The CLASS Act, otherwise known as the Community Living Assistance Services and Support Act, is the federal government’s first attempt at a long-term care insurance program.
While Congress spent the last year debating how to provide health insurance for the uninsured, this little-known provision slipped into the heath care law that could cost some Americans upwards of $2,000 a year. Under-reported and the under the radar of most lawmakers, the program will allow workers to have an average of roughly $150 or $240 a month, based on age and salary, automatically deducted from their paycheck to save for long-term care.
Both supporters and detractors admit much needs to be worked out. There are wide and varying opinions on how the program will work — or if it will work at all.
Supporters say the program will relieve pressure on Medicaid and should help keep us out of nursing homes by enabling Americans to save for something most will eventually need — assistance in eating, bathing or dressing in their old age.
Opponents say the provision is little more than a short-term revenue fix that will eventually add to the federal deficit. While the plan’s opponents don’t question the need for long-term care, they say the federal government should not be managing it, and they believe the program will eventually add to the deficit. Many opponents believe in the early years there will be money in it, but at the end of the day there won’t be enough money to cover the problems because there will be too many people in the program.

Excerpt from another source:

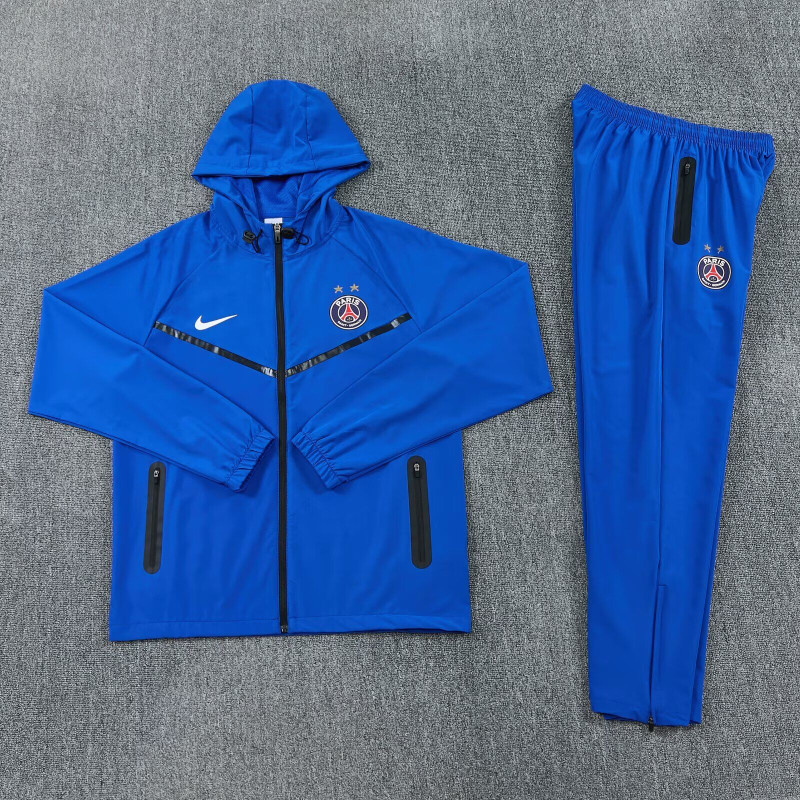 PSG Chandal Cortavientos Azul 26-27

The statute says the program is designed to be self-sustaining, with an advisory board to assure the fund remains solvent. But opponents say the fine print already tells another story. Unless modifications are made, according to a CBO analysis of the bill, “the program will add to future federal budget deficits in a large and growing fashion.”

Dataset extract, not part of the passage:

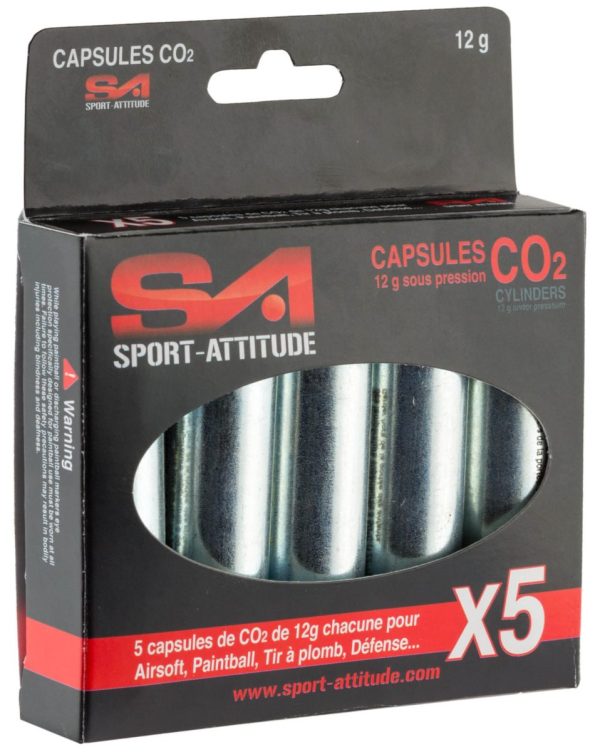 Pack Bersa- CO2 + mallette ABS + 5 CO2 – Image 3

Scheduled to go into effect in January, actual deductions could take place in 2012.
Here’s how the program will work:
- The federal government will approach employers next year about alerting workers to the proposed deduction.
- The deduction will work on a sliding scale based on age. Younger workers will be charged less, older workers more. The Congressional Budget Office pegged the average monthly deduction at $146. The Centers for Medicare and Medicaid Services put it higher, at $240.
- After a five-year vesting period, enrollees who need help bathing, eating or dressing will be eligible to take out benefits, estimated to be around $75 a day for in-home care.